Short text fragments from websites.
•••

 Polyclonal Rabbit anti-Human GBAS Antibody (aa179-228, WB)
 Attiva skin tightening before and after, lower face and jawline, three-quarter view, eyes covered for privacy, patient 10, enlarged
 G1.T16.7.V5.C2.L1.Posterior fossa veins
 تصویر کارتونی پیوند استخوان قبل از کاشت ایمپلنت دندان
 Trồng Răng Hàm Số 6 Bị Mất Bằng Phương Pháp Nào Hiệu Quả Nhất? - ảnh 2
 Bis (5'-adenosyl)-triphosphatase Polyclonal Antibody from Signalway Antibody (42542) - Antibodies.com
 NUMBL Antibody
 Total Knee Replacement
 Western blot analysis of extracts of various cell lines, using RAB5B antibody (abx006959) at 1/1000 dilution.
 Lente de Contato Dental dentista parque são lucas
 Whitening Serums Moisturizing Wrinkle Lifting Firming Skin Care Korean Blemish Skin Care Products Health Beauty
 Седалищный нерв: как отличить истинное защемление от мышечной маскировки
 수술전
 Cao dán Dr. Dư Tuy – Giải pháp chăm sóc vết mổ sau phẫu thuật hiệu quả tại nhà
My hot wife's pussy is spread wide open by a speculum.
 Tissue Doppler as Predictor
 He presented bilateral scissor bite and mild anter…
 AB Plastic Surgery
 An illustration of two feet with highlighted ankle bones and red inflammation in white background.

•••

TASK DIRECTIONS.
Pull every line containing "Polyclonal" from the entries above and copy it.

YOUR RESPONSE.
 Polyclonal Rabbit anti-Human GBAS Antibody (aa179-228, WB)
 Bis (5'-adenosyl)-triphosphatase Polyclonal Antibody from Signalway Antibody (42542) - Antibodies.com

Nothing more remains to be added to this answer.